• **Task brief**: Work out how many lines of the listing hold "Renault" and return that number by itself.

- - -

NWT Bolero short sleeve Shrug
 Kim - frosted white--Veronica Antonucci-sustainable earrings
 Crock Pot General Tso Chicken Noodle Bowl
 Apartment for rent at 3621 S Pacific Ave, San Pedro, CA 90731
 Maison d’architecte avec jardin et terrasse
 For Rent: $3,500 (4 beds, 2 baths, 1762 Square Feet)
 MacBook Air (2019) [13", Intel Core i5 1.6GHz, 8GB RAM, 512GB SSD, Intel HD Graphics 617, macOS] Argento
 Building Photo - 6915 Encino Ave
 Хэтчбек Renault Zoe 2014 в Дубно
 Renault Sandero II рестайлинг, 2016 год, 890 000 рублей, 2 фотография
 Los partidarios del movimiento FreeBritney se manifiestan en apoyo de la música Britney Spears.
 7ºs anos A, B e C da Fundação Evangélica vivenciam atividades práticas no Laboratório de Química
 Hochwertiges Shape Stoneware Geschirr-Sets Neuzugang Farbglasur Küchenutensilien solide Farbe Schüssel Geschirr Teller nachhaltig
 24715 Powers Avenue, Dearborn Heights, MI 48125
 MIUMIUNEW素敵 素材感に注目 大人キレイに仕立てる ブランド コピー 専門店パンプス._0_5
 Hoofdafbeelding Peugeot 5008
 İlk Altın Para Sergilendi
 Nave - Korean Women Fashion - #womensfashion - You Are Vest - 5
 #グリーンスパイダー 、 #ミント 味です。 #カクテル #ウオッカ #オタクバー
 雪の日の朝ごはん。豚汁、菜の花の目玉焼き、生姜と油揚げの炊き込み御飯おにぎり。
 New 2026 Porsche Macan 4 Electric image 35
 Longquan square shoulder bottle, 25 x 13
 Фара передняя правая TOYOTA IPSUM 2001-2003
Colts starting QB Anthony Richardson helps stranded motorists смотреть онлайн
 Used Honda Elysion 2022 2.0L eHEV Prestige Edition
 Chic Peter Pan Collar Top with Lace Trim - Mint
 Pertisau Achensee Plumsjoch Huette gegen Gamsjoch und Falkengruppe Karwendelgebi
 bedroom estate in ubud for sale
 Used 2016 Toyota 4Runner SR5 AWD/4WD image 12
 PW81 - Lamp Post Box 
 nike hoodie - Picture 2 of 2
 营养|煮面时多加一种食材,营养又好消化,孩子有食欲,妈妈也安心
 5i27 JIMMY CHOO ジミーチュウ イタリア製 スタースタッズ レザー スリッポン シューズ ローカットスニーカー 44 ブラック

- - -

• **Response area**: 2